Against the said judgment of the High Court, the convicted
accused have preferred the above noted criminal appeals.
This Court, while entertaining the above appeal, issued suo
motu rule for enhancement of sentence of life imprisonment
to death sentence in regard to accused persons Bacha Rai,
Banka Rai and Durbal Rai who were three of the four persons
sentenced to death by the trial court. The prosecution case
as narrated in the courts below stated briefly is as follows
:-
PW-16 Rajendra Rai son of one of the deceased, namely,
Jaimangal Rai lodged a complaint Ext.5 in Police Station
Chhauradano, alleging that about 100 to 150 persons came to
the Village Murli on the evening of 4th of August, 1990
armed with deadly weapons like Kharia, Pharsa, Garasa, guns,
rifles, sword, lathi etc. and caused the death of Jaimangal
Rai, Jatan Sah and Sheo Bachan and caused grievous hurt to
Amir Rai and also caused hurt to Ram Naresh Rai and Mauna
Devi. Based on the above complaint, the concerned police
registered a case under Section 147, 148, 149, 302, 307,
323, 324, 326, 307, 302, 380 IPC and Section 27 of the Arms
Act against the 35 accused persons named by the informant in
his complaint. After investigation a charge-sheet for the
above offences including an offence under Section 452 of the
IPC was laid and the accused so charge-sheeted were
committed for trial in the Court of Sessions. The
prosecution in support of its case has examined 17 witnesses
in all, they are PW-1 to PW-17. In the statement under
Section 313 of the Criminal Procedure Code, some of the
accused denied the allegation in total while some have
specifically stated that they were falsely implicated
because they had made certain allegations of black marketing
in sugar against some of the prosecution witnesses.
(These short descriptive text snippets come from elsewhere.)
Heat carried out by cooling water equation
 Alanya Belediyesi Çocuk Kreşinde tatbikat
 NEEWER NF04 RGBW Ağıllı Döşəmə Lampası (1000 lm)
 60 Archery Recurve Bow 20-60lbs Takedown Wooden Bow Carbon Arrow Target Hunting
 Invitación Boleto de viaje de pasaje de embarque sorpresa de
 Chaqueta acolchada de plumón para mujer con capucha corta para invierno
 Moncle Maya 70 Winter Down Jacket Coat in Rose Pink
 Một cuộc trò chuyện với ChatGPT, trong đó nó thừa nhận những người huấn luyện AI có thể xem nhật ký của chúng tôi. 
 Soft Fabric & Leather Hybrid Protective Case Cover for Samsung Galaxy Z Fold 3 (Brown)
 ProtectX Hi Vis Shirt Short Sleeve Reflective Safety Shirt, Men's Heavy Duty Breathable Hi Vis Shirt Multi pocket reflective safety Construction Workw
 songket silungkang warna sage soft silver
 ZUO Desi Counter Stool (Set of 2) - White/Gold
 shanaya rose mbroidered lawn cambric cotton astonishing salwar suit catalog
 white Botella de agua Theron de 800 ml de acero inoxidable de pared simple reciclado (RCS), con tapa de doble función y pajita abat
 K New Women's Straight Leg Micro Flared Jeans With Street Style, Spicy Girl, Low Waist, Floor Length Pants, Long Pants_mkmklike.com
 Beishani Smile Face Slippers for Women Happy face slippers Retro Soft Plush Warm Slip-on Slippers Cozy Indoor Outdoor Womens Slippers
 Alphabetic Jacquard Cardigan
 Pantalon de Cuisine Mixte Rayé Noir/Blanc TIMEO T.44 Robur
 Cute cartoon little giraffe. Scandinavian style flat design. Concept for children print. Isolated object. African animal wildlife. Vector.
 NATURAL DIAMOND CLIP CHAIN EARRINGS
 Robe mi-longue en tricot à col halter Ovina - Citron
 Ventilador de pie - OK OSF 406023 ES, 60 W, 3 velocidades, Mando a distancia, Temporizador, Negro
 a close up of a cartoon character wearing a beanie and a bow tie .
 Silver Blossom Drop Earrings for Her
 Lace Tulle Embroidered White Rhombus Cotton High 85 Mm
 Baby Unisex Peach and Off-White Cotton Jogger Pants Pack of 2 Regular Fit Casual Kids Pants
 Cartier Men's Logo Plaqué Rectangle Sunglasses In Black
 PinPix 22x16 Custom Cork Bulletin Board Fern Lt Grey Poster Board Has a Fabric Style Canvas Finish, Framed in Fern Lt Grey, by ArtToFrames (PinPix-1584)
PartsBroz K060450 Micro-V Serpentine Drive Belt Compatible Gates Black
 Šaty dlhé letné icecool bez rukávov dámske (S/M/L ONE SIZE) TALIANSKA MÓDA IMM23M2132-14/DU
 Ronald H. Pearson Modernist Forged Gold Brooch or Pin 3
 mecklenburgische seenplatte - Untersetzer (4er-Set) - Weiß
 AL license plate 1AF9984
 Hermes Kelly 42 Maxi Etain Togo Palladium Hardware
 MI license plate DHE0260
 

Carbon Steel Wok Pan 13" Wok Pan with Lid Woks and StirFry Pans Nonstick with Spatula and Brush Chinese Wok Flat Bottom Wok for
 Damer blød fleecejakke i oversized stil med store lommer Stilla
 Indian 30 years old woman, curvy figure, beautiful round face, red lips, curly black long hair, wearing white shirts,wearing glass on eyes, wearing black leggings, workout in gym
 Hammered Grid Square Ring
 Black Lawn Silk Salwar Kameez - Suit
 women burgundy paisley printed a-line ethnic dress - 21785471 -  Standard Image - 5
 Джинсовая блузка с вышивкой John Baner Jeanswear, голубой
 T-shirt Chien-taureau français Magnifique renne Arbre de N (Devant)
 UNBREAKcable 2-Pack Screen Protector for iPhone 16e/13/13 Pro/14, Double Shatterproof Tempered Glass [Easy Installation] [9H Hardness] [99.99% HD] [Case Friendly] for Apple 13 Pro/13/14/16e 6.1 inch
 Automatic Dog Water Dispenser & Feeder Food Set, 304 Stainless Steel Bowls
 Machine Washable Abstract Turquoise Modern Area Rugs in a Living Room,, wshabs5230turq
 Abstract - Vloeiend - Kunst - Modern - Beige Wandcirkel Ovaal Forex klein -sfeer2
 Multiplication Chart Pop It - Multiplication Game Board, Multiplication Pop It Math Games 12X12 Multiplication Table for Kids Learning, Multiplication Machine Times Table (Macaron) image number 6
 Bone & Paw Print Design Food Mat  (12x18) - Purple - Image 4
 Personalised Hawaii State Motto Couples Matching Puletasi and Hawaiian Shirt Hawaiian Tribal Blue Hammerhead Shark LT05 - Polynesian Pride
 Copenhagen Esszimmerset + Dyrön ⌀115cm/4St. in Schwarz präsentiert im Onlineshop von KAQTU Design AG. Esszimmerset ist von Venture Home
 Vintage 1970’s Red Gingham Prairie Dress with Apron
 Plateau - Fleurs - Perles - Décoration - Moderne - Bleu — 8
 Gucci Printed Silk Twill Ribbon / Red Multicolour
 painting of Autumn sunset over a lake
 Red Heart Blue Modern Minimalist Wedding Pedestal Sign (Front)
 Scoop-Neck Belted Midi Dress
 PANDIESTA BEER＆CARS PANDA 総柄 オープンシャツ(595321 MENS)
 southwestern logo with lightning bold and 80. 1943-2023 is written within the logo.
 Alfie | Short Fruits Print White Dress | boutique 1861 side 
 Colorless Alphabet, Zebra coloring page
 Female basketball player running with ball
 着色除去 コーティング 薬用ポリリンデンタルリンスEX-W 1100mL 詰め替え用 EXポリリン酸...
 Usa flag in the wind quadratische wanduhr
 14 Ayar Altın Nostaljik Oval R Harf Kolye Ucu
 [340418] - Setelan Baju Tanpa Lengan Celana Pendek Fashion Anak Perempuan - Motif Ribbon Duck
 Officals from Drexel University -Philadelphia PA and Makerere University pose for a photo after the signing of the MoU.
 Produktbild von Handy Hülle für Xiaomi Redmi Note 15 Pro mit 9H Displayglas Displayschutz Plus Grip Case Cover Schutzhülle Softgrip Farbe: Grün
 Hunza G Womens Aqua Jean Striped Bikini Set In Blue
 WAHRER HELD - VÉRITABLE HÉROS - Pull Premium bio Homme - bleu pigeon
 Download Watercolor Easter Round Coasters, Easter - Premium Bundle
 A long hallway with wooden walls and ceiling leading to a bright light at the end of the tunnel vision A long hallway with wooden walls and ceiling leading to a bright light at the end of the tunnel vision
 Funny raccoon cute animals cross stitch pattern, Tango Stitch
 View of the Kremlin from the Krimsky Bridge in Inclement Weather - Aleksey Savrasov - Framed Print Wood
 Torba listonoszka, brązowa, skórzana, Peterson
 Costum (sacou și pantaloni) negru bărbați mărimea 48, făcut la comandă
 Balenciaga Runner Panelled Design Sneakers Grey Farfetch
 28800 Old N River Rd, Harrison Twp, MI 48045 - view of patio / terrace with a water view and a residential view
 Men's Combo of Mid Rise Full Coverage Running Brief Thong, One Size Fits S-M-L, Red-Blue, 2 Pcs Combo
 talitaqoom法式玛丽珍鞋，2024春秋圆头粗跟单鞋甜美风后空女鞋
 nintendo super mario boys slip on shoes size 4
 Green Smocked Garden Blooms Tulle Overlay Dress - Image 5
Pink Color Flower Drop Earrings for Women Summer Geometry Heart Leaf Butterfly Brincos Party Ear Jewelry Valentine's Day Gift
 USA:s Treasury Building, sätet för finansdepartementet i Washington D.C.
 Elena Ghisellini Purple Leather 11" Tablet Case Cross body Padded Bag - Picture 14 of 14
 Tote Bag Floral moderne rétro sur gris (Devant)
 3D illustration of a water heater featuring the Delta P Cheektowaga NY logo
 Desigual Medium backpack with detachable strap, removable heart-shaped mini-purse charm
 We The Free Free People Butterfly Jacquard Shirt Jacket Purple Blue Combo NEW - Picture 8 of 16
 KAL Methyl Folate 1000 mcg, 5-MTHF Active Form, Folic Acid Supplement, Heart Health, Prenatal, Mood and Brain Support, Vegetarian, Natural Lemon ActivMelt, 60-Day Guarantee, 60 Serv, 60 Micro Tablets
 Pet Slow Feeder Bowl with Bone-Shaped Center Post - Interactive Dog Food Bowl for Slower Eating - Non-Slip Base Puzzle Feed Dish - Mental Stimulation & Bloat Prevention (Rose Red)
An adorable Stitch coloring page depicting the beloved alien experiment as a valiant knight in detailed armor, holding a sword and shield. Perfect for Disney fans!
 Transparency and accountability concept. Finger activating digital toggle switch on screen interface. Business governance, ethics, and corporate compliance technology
We are
informed that out of the 21 appellants in the above appeals,
appellants Chhota Rai and Krishna Rai who have been shown at
serial Nos.11 and 15 respectively in Criminal Appeal
No.285/92 before the High Court have absconded from jail
while serving the sentence imposed on them. Therefore, we
deem it appropriate that their name be deleted from the
array of appellants and their appeal stands dismissed.
Consequently, the conviction and sentence passed against
them, stand confirmed. On behalf of the appellants, Mr.
Ashok Panda, learned senior counsel and Mr. Ranjan
Mukherjee, learned counsel have contended that the courts
below have not given a clear finding regarding the common
object of the assembly allegedly formed by these appellants.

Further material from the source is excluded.